The Senate has censured Attorney-General George Brandis, saying he is “unfit to hold the office”, over his behaviour in relation to Human Rights Commission President Gillian Triggs.
The motion, moved by the opposition and carried 35-32, condemned Brandis for failing to defend Triggs from “malicious attacks” and seeking to get her to resign by “facilitating an offer of an alternative role”.
Apart from the opposition and the Greens, Clive Palmer’s two PUP senators voted for the censure and so did ex-PUP and now independent senator Jacqui Lambie. Independent Nick Xenophon voted against, as did Family First senator Bob Day.
The vote has no practical force and is only possible because the government is in a minority in the Senate. Nevertheless the upper house relatively rarely uses its numbers to carry such a serious motion.

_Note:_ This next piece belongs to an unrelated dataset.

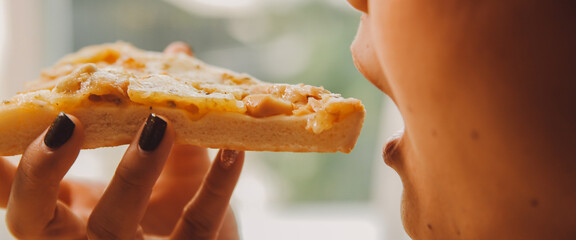 Cropped image of woman holding pizza slice at restaurant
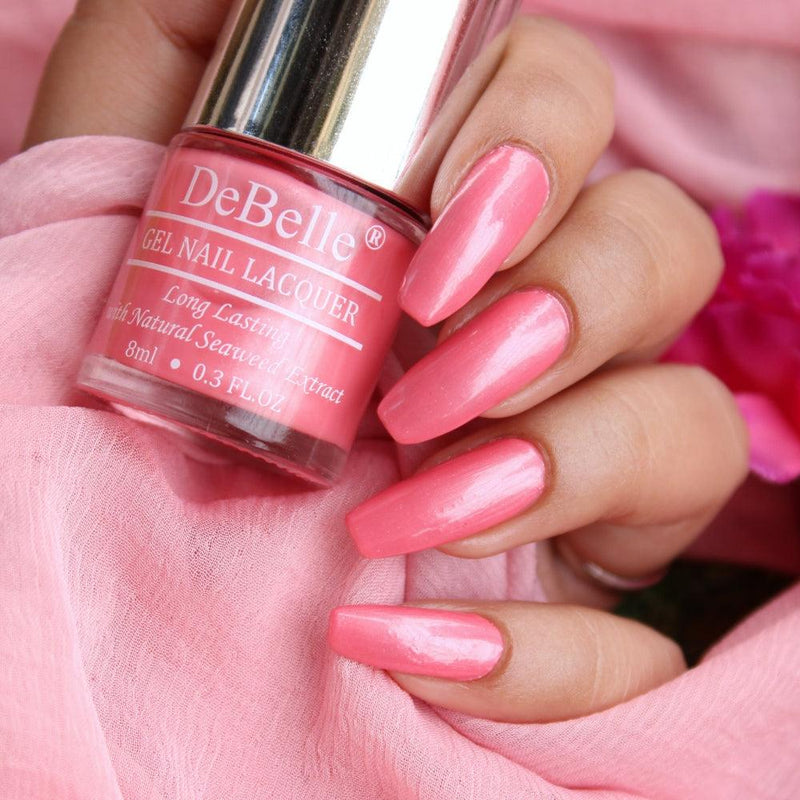 DeBelle's miss_bliss Nail Polish Bottle with the painted nails has pink background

Moving the censure, Labor’s Senate leader Penny Wong said the government’s reaction to the commission’s report, The Forgotten Children, gave an insight into the psyche of a dysfunctional government, which was “permeated by bullying and cowardice”, notably from “bully-in-chief” Tony Abbott and his lieutenant Brandis.
The commission had criticised the policies of both Labor and Liberal governments, she said. “Yet never before has a government reacted to this criticism so viciously and so personally.
"The attorney-general has failed to defend the commission from political attacks, he has attacked the independence of the commission, he has tried to force the president into resigning, he has sought to procure that resignation by offering an alternative position and he has placed the secretary of his department [who was sent to tell Triggs she had lost the confidence of Brandis] in an invidious position,” Wong said.
“He has not only displayed a lack of integrity, he has behaved in a cowardly fashion.”
Brandis repeated that Triggs had lost his confidence and the confidence of the non-Labor side.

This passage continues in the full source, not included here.